◆ EXERCISE PROMPT: A verbatim copy of the listing is what is needed, minus any pictures.
**** INFORMATION SHOWN
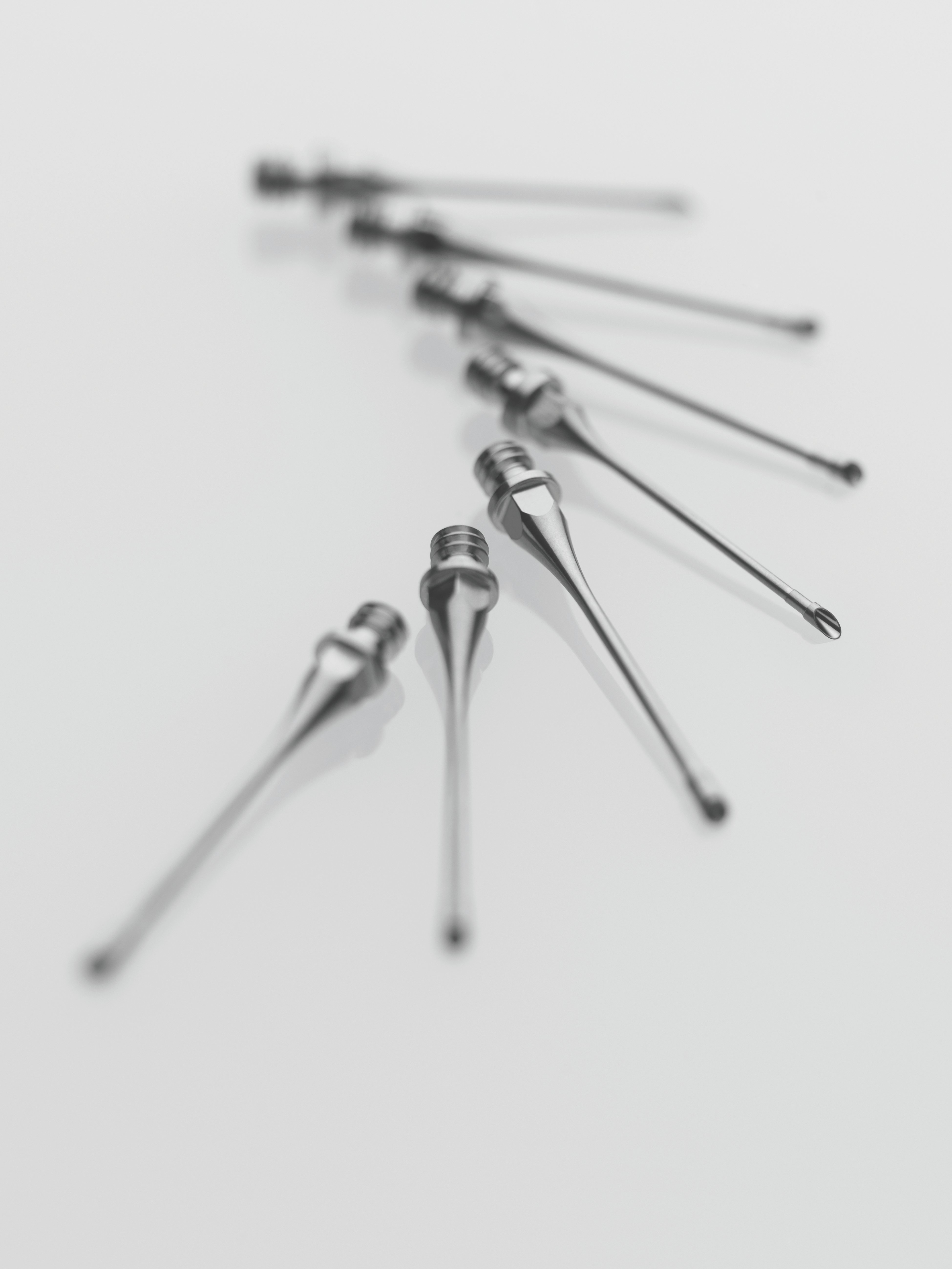 Stylised close-up image of ophthalmic easyTips arranged diagonally
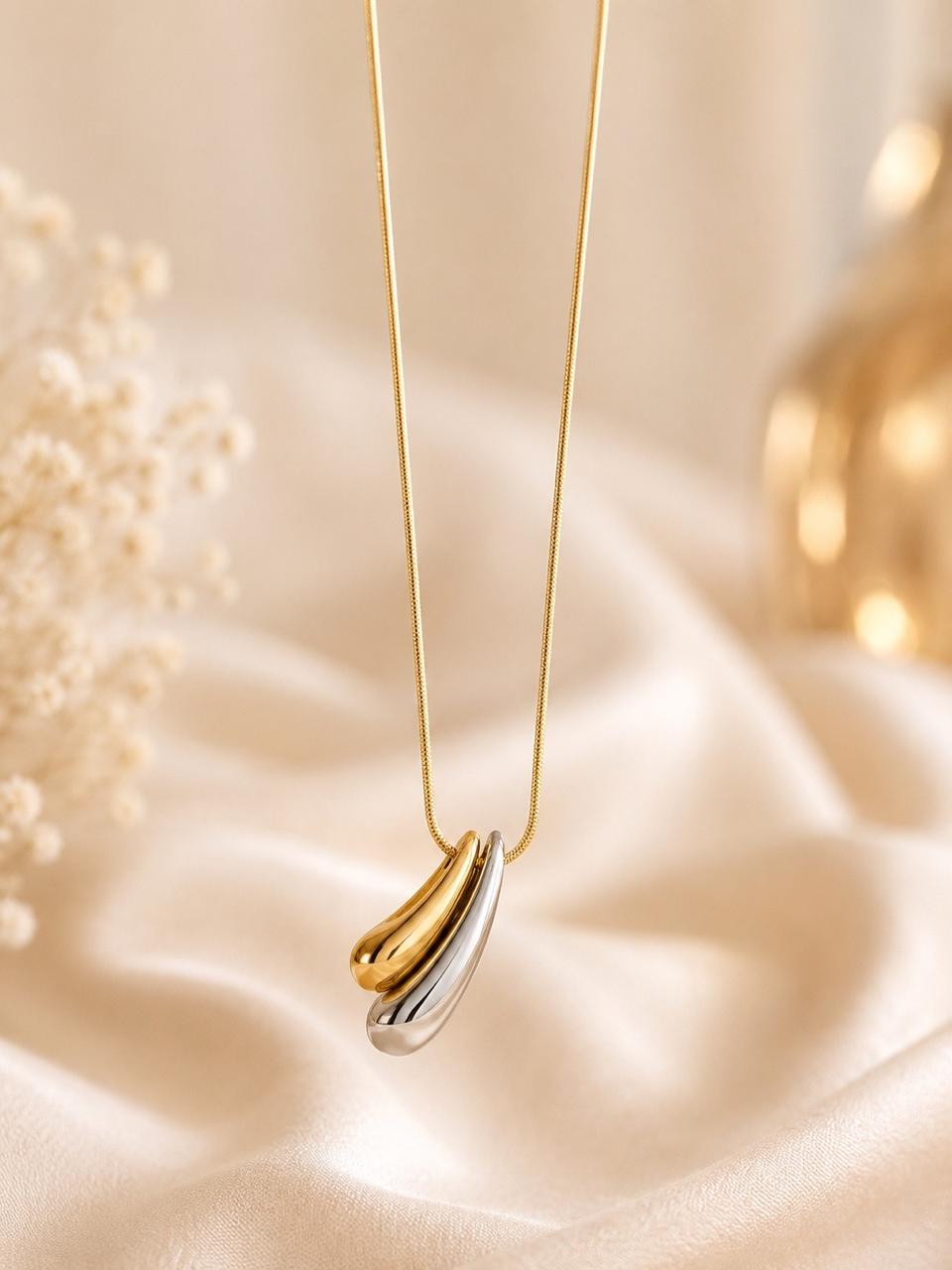 Dual tone flow pendant necklace | jewel birds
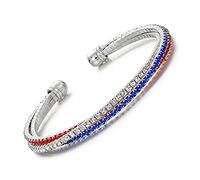 KJHFD USA American Flag Bracelet for Women Mens Rhinestone Vote Charm Red Bangles Decorations Gifts Bracelet Clear Crystal Cuff Bracelet Bangle Lightweight Silver Plated Red Blue White Bracelet for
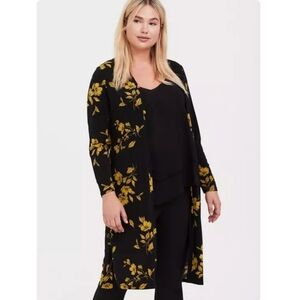 Torrid Size 3 Floral Long Cardigan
********
◆ EXERCISE RESPONSE:
 Stylised close-up image of ophthalmic easyTips arranged diagonally
 Dual tone flow pendant necklace | jewel birds
 KJHFD USA American Flag Bracelet for Women Mens Rhinestone Vote Charm Red Bangles Decorations Gifts Bracelet Clear Crystal Cuff Bracelet Bangle Lightweight Silver Plated Red Blue White Bracelet for
 Torrid Size 3 Floral Long Cardigan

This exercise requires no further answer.